> TASK BRIEF:
Copy exactly the lines of the material below that fall between the line with "Outdoor Mountaineering Compass, Survival" and the line with "Выключатель WERKEL W5020003", both of those lines included; pictures stay out.

> EXERCISE MATERIALS:
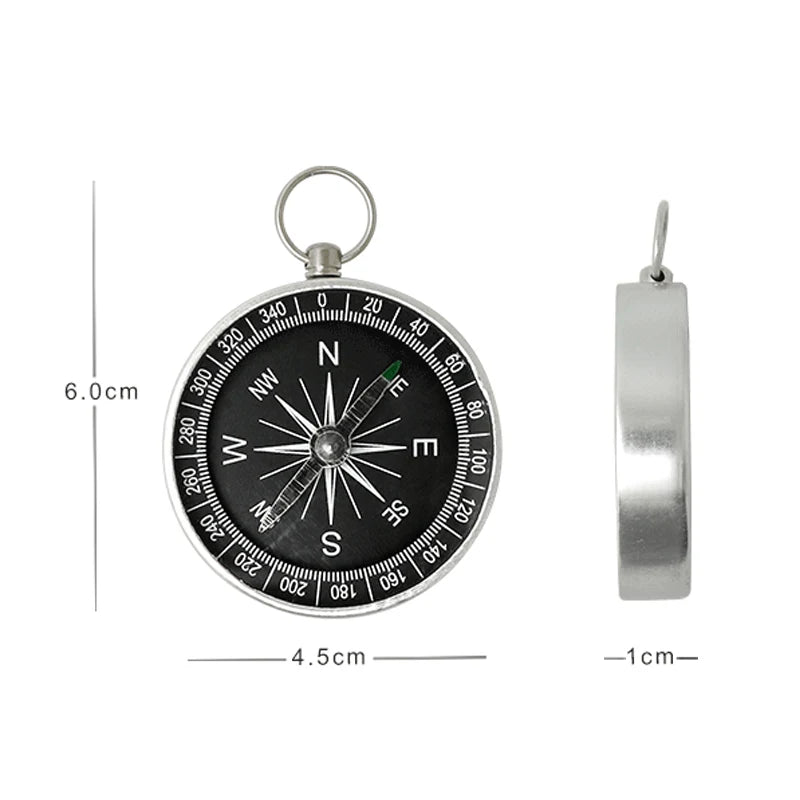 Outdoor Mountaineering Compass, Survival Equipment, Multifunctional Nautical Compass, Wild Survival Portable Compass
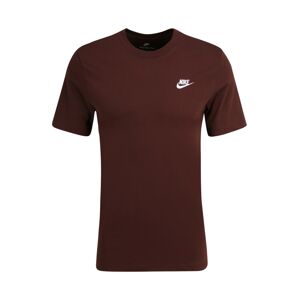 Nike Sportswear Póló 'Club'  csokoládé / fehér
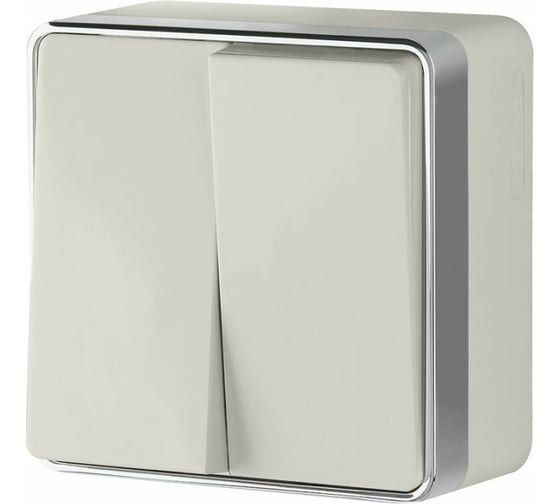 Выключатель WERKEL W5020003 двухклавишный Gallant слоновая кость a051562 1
* * *
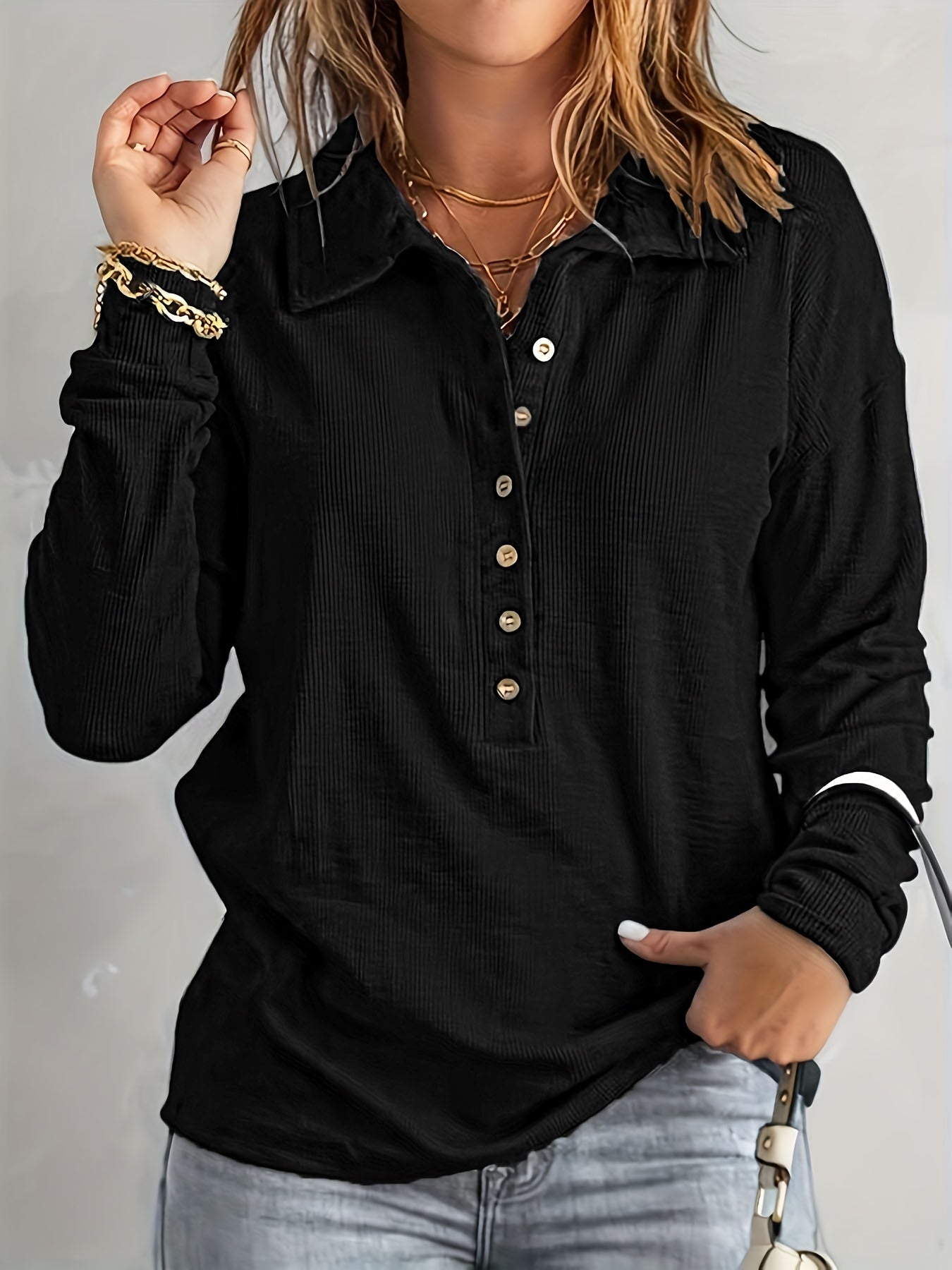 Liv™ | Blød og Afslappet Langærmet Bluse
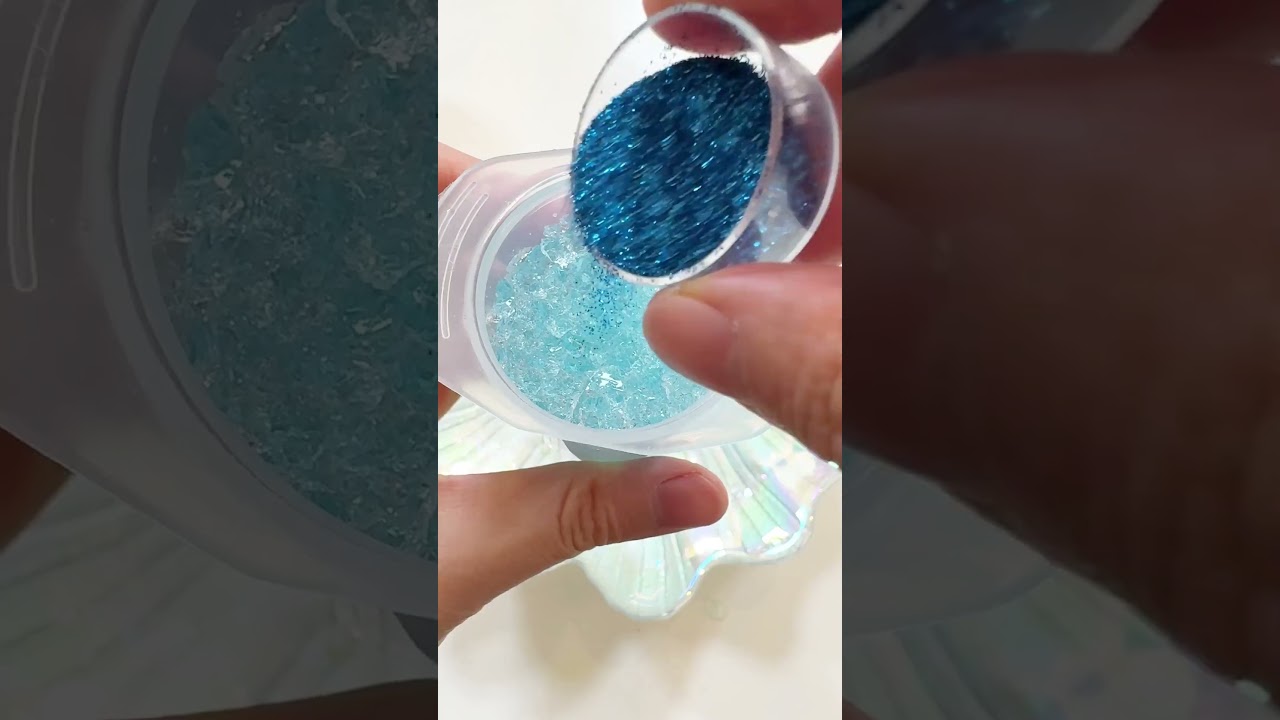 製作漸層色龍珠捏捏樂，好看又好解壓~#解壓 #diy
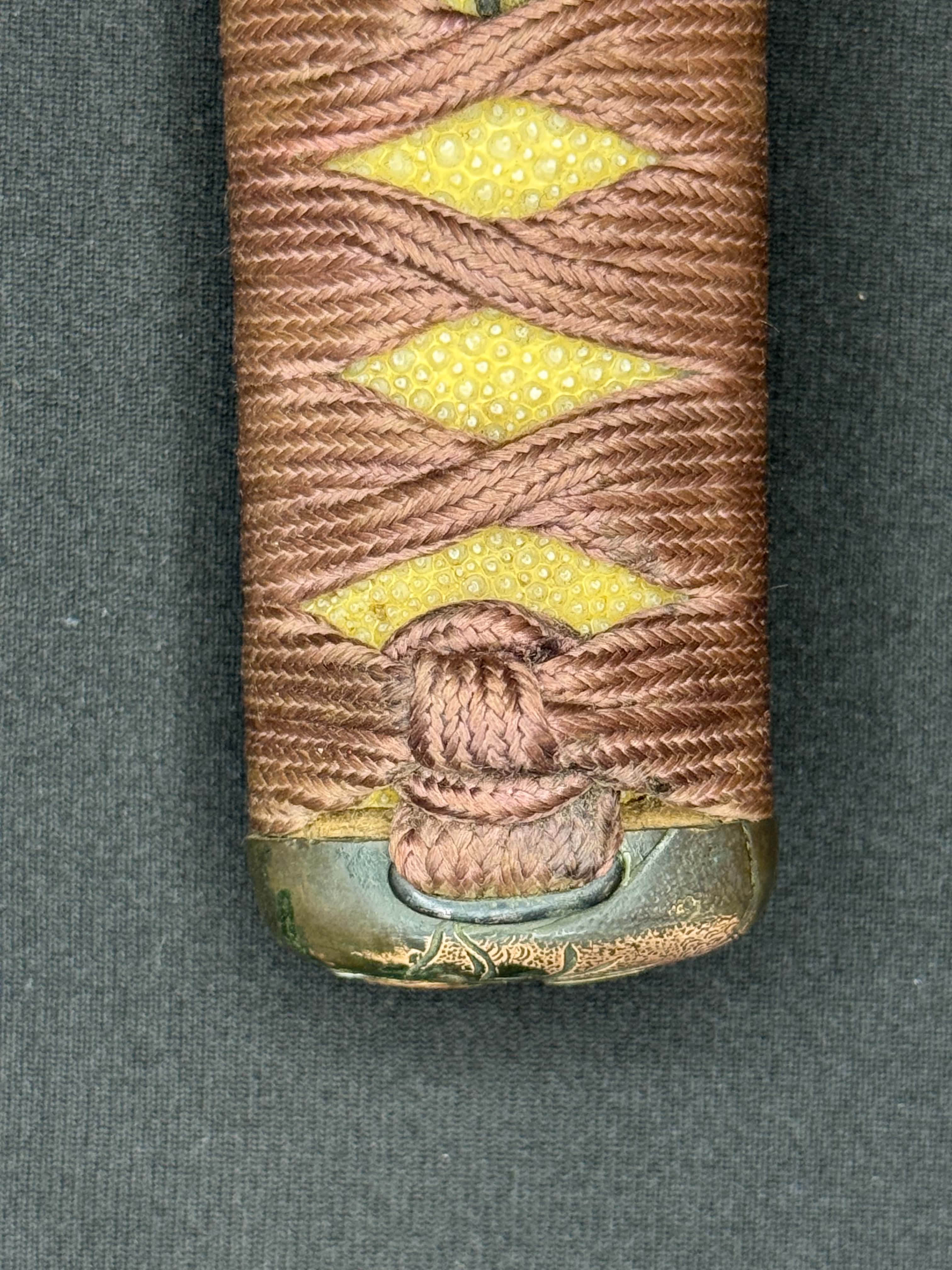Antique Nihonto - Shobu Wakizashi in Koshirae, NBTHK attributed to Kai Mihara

> RESULT OF THE EXERCISE:
 Outdoor Mountaineering Compass, Survival Equipment, Multifunctional Nautical Compass, Wild Survival Portable Compass
 Nike Sportswear Póló 'Club'  csokoládé / fehér
 Выключатель WERKEL W5020003 двухклавишный Gallant слоновая кость a051562 1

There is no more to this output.